Some psychology, some sadness, some funnies.



Wednesday, October 19, 2011

Re-Development

Write, type to feel connected
Clip nails, closer to hands
to touch and feel connected

Calmed down and safe in
home with life on couches
Read pages...hours,

nothing underneath but
thin spindle of a family
thing
approximation.

Friday, October 14, 2011

hOtNeSs

Big exam tomorrow (you know, the one that determines whether or not I am able to be licensed as a counselor in Maryland). Can't sleep. And now I will show pictures of the actors I think are attractive. Yes, that's all I've got right now.
Chris O'Dowd. Did you see him in Bridesmaids? Friggin adorable.

Did you know Jay Sean is Punjabi Sikh? Baby, I'm down down down.

Adam Sandler. Fair on the cuteness, but a great personality.
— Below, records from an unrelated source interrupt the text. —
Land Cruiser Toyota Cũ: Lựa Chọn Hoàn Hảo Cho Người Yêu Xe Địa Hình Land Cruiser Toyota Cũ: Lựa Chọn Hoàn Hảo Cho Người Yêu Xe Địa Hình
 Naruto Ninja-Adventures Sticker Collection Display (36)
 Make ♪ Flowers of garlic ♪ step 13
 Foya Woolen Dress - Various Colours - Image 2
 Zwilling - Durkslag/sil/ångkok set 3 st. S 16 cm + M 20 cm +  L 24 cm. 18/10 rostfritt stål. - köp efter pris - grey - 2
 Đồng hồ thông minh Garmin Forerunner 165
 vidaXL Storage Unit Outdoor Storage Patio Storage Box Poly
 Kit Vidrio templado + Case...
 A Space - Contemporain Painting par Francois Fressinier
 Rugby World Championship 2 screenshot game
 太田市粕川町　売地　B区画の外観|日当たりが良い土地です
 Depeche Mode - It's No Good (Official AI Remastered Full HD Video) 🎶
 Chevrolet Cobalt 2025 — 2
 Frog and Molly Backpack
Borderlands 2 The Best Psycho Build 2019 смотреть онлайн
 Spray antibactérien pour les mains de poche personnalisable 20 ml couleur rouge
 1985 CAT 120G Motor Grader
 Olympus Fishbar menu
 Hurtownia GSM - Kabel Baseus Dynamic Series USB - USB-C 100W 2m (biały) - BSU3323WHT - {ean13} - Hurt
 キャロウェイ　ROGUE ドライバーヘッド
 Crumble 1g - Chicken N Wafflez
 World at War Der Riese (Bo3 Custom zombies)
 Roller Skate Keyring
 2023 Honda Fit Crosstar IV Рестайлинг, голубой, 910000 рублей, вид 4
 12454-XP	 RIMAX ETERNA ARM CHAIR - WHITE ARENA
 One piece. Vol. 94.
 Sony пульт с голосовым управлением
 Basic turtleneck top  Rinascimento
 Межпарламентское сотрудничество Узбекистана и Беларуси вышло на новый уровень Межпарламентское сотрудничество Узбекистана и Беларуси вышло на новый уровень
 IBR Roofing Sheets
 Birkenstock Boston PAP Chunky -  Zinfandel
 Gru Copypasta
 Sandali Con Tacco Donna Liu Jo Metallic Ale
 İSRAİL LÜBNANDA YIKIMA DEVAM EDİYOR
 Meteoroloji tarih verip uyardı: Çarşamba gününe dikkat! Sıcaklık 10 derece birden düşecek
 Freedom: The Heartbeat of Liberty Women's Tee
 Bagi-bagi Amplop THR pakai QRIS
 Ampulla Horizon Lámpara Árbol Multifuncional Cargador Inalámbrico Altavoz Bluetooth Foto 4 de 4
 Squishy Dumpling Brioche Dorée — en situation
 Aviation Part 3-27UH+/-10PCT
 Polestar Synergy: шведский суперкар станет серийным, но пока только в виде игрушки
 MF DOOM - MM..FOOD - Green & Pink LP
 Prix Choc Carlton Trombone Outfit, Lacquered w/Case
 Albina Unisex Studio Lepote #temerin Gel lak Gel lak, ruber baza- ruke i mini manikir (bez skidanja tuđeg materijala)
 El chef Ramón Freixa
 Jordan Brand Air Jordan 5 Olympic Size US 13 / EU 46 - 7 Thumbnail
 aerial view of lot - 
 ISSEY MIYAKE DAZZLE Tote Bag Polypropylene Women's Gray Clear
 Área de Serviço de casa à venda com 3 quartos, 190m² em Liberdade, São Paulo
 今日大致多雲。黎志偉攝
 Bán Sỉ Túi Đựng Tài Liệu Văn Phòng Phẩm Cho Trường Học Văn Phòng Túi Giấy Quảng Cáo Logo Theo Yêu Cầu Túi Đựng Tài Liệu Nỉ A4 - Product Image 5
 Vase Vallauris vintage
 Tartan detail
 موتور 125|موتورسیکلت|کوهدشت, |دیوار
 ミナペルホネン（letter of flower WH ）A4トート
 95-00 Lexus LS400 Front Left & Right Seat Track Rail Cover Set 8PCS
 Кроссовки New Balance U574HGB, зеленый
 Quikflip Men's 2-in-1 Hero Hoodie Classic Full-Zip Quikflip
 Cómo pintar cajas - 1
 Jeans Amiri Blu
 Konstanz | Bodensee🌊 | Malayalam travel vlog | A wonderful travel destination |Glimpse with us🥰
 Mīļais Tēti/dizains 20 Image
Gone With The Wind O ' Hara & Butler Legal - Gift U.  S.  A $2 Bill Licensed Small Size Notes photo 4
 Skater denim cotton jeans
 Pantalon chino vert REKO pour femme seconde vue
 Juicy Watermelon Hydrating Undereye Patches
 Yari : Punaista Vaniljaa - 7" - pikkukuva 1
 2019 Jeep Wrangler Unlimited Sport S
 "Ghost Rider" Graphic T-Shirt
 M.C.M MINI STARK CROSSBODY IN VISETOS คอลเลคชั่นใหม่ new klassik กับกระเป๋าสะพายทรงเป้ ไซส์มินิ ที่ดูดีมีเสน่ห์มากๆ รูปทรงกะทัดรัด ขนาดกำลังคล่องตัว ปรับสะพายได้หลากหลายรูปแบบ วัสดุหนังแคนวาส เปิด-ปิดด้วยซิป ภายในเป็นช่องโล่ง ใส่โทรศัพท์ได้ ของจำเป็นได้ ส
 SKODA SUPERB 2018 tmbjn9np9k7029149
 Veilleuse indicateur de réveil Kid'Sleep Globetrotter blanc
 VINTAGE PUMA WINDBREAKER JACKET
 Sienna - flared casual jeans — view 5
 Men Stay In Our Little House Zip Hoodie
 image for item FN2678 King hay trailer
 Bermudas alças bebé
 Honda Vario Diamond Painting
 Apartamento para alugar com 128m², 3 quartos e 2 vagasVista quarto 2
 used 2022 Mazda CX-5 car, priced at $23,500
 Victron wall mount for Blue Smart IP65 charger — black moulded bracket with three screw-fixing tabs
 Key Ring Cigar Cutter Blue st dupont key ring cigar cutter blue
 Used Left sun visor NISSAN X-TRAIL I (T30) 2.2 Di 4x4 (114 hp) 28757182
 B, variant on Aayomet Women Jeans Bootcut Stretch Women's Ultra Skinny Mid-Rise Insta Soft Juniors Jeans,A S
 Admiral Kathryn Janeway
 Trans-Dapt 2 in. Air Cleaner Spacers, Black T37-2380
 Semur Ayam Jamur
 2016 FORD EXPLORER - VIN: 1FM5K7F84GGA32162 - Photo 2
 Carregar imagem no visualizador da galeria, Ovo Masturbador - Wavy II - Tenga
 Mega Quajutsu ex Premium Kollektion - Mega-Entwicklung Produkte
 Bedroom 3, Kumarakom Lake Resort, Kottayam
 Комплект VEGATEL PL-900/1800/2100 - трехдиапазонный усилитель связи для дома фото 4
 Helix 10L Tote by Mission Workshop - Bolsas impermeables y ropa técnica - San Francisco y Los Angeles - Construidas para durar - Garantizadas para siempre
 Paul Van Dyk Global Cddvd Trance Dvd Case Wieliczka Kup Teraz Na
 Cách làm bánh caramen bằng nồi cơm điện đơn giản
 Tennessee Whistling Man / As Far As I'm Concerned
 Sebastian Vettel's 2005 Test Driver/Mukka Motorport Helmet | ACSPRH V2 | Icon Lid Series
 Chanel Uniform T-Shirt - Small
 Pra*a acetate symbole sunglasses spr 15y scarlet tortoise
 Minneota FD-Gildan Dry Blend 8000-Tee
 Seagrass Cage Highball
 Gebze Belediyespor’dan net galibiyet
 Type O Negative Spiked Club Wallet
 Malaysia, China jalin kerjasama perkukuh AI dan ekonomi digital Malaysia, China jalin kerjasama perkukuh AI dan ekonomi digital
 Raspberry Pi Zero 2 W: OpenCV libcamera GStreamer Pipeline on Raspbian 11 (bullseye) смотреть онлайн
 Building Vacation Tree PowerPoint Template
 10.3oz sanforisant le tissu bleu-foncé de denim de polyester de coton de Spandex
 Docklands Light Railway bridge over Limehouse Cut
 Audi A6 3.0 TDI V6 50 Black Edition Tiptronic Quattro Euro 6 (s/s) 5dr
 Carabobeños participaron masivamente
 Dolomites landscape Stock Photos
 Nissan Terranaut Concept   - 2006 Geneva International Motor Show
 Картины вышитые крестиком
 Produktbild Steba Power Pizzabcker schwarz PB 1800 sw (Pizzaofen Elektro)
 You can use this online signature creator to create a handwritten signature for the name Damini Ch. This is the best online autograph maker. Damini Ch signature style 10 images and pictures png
Jesse Eisenberg. He did such an amazing job in The Social Network - extra hotness points for that.
(Special note:  If he and Michael Cera were both hitting on me in a bar I'd give my number to Michael because of the charisma and humor)

Irfan Khan. Despite his playing a bad guy in Slum Dog Millionaire, I saw past
his evil ways to his beautiful face.

Paul Rudd. Eh, I just threw him on here to round things off...he's almost too pretty. We liked him back when he was in Clueless, young bucks!

It would appear I like me some dark haired, beautiful eyed, Irish or otherwise Eastern looking dudes overall. 

Tuesday, October 11, 2011

Proper Chuckles

The tone of comedy we choose says something about what attitudes we connect with or the kind of balance our darker side needs. A little deep for fart jokes? Maybe.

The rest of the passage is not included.